- **Problem statement**: Your answer should be the lines below from the one holding "Partner Guest House Klovskyi - 184" through the one holding "939 Union Street Manchester NH 03104", copied exactly and with nothing else.

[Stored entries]
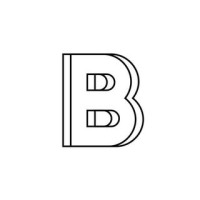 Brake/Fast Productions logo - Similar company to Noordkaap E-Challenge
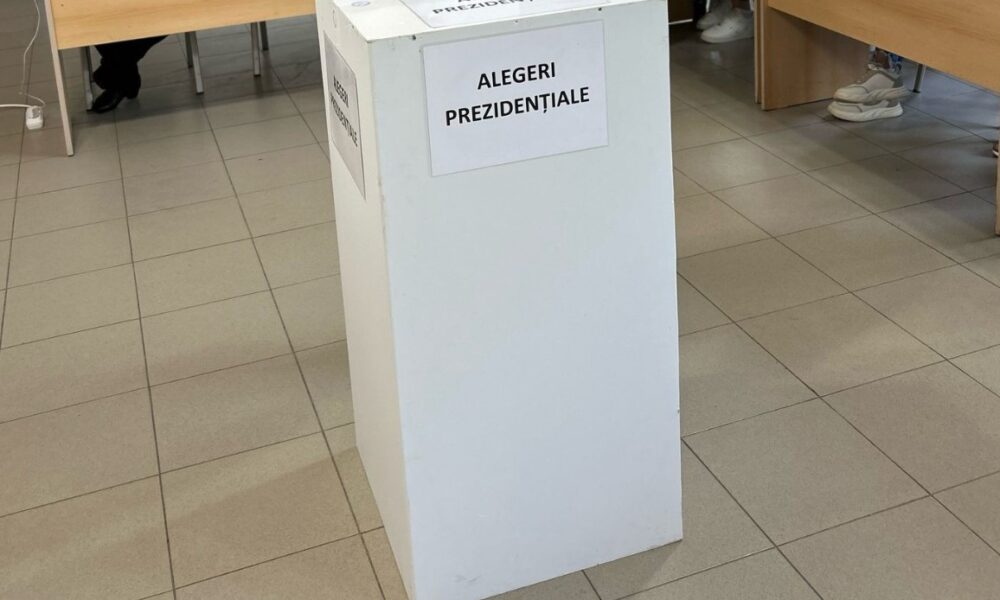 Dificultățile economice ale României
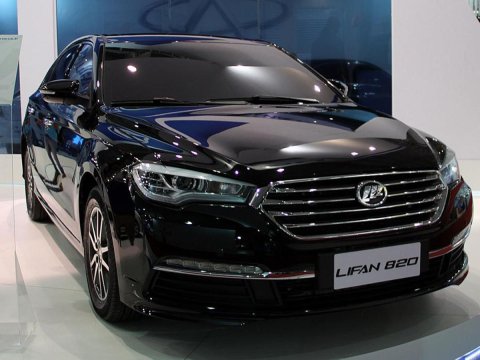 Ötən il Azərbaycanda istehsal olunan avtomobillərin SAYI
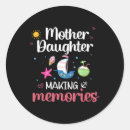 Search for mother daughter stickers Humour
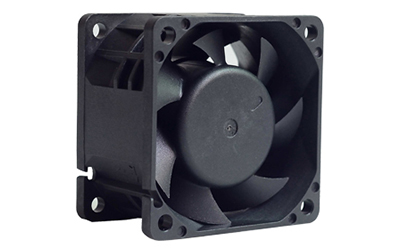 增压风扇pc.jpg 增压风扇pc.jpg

...

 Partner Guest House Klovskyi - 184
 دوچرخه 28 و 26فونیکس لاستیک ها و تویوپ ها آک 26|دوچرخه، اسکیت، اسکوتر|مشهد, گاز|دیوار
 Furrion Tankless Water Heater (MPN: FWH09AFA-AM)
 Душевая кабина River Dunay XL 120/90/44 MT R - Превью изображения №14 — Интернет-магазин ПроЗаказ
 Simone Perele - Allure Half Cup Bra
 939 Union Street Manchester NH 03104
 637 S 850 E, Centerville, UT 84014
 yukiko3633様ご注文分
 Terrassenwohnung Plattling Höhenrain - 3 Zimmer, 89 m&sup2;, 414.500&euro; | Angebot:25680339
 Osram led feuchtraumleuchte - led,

- **Problem solution**:
 Partner Guest House Klovskyi - 184
 دوچرخه 28 و 26فونیکس لاستیک ها و تویوپ ها آک 26|دوچرخه، اسکیت، اسکوتر|مشهد, گاز|دیوار
 Furrion Tankless Water Heater (MPN: FWH09AFA-AM)
 Душевая кабина River Dunay XL 120/90/44 MT R - Превью изображения №14 — Интернет-магазин ПроЗаказ
 Simone Perele - Allure Half Cup Bra
 939 Union Street Manchester NH 03104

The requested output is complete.